Marriage (Wales) Act 2010
- Parliament of the United Kingdom
- Long title: An Act to enable persons to be married in a place of worship in a parish in the Church in Wales with which they have a qualifying connection; and for connected purposes.
- Citation: 2010 c. 6
- Introduced by: Alun Michael (Commons) Lord Rowe-Beddoe (Lords)
- Territorial extent: England and Wales

Dates
- Royal assent: 18 March 2010
- Commencement: 18 March 2010

Status: Current legislation

Text of statute as originally enacted

Text of the Marriage (Wales) Act 2010 as in force today (including any amendments) within the United Kingdom, from legislation.gov.uk.

= Marriage (Wales) Act 2010 =

Act of Parliament in the United Kingdom

The Marriage (Wales) Act 2010 (c. 6) is an act of Parliament in the United Kingdom. Introduced as a private member's bill by David Rowe-Beddoe, Baron Rowe-Beddoe and sponsored by Alun Michael MP, it received royal assent on 18 March 2010. It created the Church in Wales's counterpart to mirror the Church of England Marriage Measure 2008 and brought the Church in Wales's marriage regulations into line with those of the Church of England.

== Background ==
The Church in Wales had been disestablished from the Church of England since 1920 following the Welsh Church Act 1914. It had the effect of severing the Church in Wales's links with the canon law of the Church of England. This meant that any measures passed by the Church of England no longer had legal force over the Church in Wales. Any changes made to the Church in Wales's legal situations must be made via an act of Parliament, as the Senedd has no jurisdiction over ecclesiastical law or marriage law because those are reserved matters.
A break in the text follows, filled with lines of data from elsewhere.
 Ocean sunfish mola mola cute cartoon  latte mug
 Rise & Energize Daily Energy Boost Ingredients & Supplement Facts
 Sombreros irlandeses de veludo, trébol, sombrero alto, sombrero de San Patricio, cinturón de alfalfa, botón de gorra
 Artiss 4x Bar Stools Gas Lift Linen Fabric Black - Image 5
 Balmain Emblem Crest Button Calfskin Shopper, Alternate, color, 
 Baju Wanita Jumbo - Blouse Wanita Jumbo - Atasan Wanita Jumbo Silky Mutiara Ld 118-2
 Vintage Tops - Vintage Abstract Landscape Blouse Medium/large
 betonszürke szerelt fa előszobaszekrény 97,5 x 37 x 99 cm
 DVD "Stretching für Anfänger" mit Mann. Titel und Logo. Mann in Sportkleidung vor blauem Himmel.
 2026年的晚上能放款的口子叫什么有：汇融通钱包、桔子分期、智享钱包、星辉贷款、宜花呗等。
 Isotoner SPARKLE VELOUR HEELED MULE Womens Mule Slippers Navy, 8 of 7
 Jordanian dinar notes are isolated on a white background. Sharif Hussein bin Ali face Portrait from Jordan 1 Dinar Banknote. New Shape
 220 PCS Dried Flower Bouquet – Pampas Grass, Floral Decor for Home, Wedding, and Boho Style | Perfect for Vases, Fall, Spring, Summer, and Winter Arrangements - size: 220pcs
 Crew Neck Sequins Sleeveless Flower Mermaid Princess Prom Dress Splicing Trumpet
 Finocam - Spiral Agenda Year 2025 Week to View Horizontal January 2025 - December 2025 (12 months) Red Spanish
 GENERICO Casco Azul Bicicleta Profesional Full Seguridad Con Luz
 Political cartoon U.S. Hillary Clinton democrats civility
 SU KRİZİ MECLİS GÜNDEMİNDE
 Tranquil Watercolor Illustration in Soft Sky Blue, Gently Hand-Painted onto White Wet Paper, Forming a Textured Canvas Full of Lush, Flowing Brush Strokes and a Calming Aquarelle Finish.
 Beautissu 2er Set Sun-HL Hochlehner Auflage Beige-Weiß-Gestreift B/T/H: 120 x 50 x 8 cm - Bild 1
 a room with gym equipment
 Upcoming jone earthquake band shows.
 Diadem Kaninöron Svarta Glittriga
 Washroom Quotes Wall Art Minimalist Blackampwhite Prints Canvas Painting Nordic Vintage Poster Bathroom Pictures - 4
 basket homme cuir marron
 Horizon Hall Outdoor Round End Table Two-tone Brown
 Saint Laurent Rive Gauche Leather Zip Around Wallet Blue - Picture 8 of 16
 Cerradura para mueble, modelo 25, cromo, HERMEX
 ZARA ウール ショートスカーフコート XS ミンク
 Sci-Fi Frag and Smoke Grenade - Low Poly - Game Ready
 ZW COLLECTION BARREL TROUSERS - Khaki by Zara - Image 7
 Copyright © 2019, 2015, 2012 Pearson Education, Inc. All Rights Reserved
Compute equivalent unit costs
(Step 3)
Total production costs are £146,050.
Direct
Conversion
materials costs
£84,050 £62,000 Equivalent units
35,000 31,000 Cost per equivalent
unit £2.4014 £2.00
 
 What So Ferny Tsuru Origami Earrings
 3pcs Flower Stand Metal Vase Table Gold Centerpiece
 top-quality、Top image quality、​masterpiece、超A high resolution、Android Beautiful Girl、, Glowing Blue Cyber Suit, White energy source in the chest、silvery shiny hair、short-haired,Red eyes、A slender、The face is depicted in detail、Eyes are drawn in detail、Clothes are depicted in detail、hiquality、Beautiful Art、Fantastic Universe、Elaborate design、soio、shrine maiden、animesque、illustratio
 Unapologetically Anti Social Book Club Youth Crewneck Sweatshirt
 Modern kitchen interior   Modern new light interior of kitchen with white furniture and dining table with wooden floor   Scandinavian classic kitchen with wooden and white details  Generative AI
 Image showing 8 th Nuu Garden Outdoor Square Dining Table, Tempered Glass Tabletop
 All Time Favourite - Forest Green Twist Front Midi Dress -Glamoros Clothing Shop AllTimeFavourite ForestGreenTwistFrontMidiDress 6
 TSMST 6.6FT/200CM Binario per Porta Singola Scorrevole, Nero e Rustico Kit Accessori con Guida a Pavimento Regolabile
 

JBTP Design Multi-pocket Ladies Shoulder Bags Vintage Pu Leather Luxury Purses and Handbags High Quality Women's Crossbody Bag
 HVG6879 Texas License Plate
Prior to the act, when two people wished to marry in Wales, ordinarily, at least one of them would have to live in the parish where they would get married or have attended the parish church for the previous six months. The act allowed couples to use a parent's residency or regular attendance in the specific church as a valid condition to be married in that parish; or for the church to have been the place where one of the parties to the marriage had been baptised or confirmed; or for the church to have been where a parent or grandparent of one of the parties to the marriage had been married.

== History ==

Coat of arms of the Church in Wales

In 2008, the General Synod of the Church of England passed the Church of England Marriage Measure 2008, which extended the rights of marriage within their churches to allow people to marry in churches where they had been christened or confirmed as well as in churches where any of their parents or grandparents had been married. This led to the Church in Wales being out of step with the Church of England, as the Measure only applied to the Church of England, and the Church in Wales continued to use the old requirements of either residency in the parish or regular church attendance for the previous six months. As the Church in Wales Governing Body's actions have no legal force in English law, legislation from Parliament was required to bring the Church in Wales into line with the Church of England.

In 2009, the Governing Body debated and accepted Private Members' Motion (No 09/13), which requested that the Church in Wales take steps to bring the church's marriage regulations into line with those of the Church of England. The Marriage (Wales) Bill was drafted by the Governing Body of the Church in Wales and brought forward into Parliament as a private member's bill in the House of Lords by the chairman of the Representative Body of the Church in Wales, Lord Rowe-Beddoe. The text was drafted by the Church in Wales' Governing Body. It passed through the House of Lords without amendment. In the House of Commons, the bill was sponsored by the Labour Co-operative Member of Parliament, Alun Michael. The act received royal assent on 18 March 2010, before the dissolution of Parliament. The Marriage (Wales) Act 2010 was viewed by academics as being an example of a disestablished church enjoying the privileges of establishment but without the legal ability to self-regulate itself and requiring primary legislation to make desired changes.